The Tcore™ sensor differs from so-called zero-heat-flux (ZHF) thermometers by the fact that it does not require any active warming of the sensor [5, 6]. Instead it analyses the temperature gradient over a well-defined thermal bridge and calculates body core temperature according to a mathematical model [16]. Therefore, results are not necessarily comparable with ZHF thermometer studies [19, 11].

The manufacturer recommends to wait for 10 min, until reliable CBT-values can be obtained. In our patient study, we focused on monitoring pairs of Tblood and CBT. Since the arterial catheter was inserted only after induction of anaesthesia, we missed the Tcore™ ramp-up since the Tcore™ was attached before induction. Hence, we monitored ramp-up in volunteers to obtain a thorough time course analysis. To our knowledge, this is the first study that experimentally investigated this ramp-up time. We observed a slightly longer time (11.5 ± 4.7 min) until a stable temperature level was achieved than manufacturer recommendation for stabilization. The time course of CBT followed a hyperbolic function that asymptotically approached body temperature.

In studies comparing standard and novel thermometers, measurement pairs are typically pooled across patients, irrespective of the actual number of measurements within a given patient. Hence, patients with a longer duration of temperature measurement contribute more to the overall results than patients with a smaller number of measurements. To avoid this effect, we additionally performed a population analysis calculating bias and inaccuracy for every single patient. Subsequently we determined the median bias and inaccuracy of the study population, so that every patient contributed equally to the final result. Doing so, we obtained a median absolute error (MDAE) of 0 °C, median bias (MDPE) of 0% and median inaccuracy (MDAPE) of 0.3%.
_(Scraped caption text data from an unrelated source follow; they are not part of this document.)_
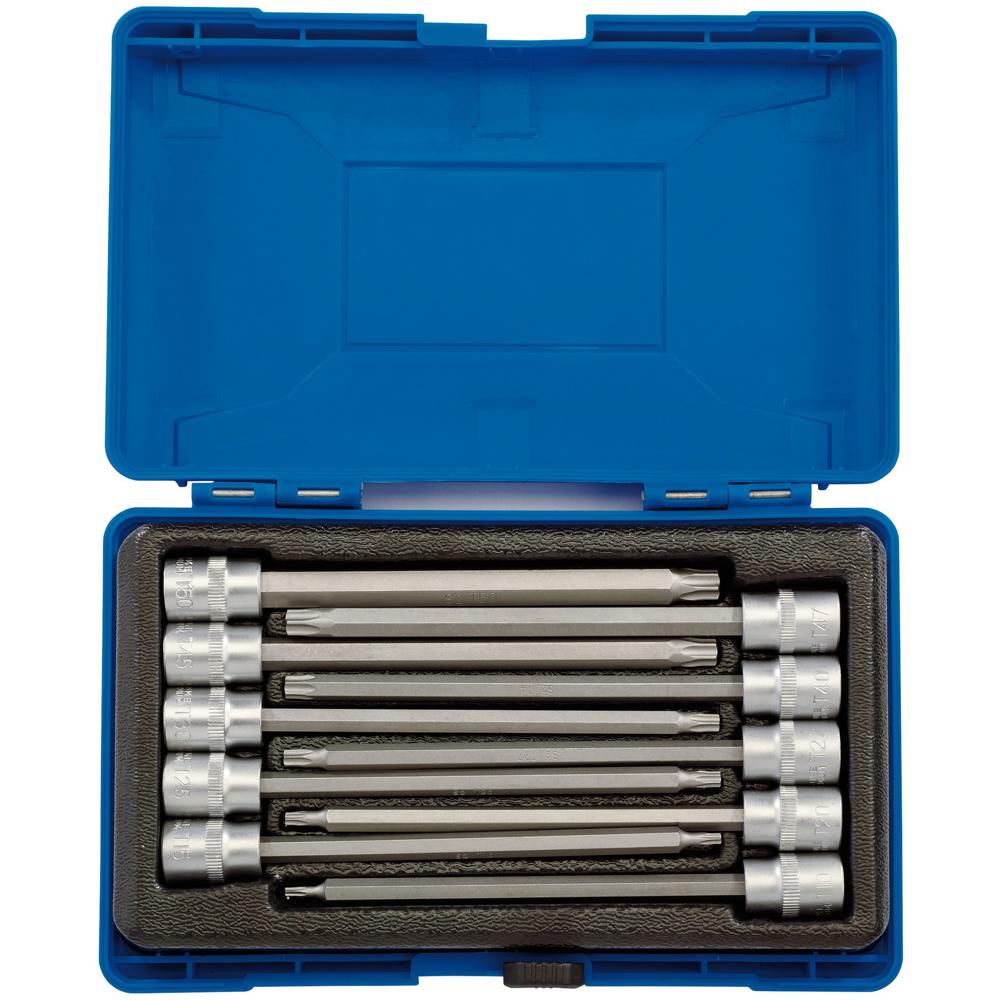 Draper 10 Piece 3/8" Drive Extra Long Torx Socket Bit Set 3/8" 150mm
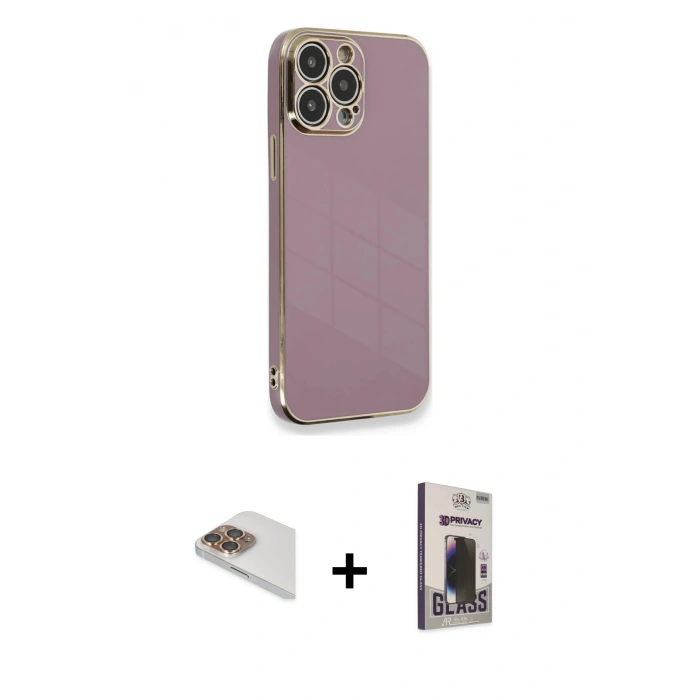 MARSİLYAN™- iPhone 13 Pro Max Kılıf Yankı Serisi - Siyah Bilvis Hayalet Cam Ekran Koruyucu + Pers Alüminyum Kamera Lens - GD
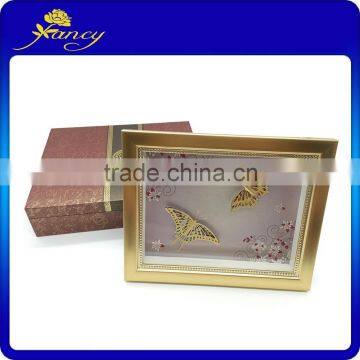 gold foil handmade craft butterfly & flower frame for lover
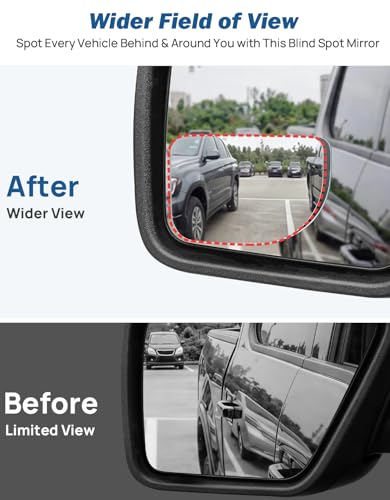 JOYTUTUS Blind Spot Mirror 2 Pack HD Frameless Convex Glass for Wide Angle View and Safer Lane Changing Compatible with Cars SUVs Trucks RVs Easy Stick On & Long Lasting Durability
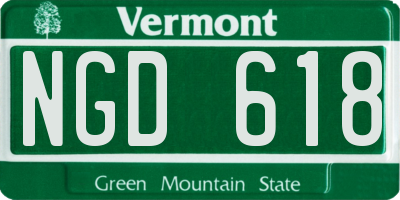 VT license plate NGD618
The study is limited by the fact that only female patients were included. Even though the body core temperature is slightly higher in women than in men, there is no reason in principle why the Tcore™-system should work for one sex but not for the other. HIPEC might have affected the temperature in the iliac artery, however HIPEC-patient’s results did not appear to differ from the remaining patients.

In conclusion, this study demonstrated that after a short warm-up time, the non-invasive Tcore™-system enabled an accurate measurement of the body core temperature in the investigated intraoperative setting.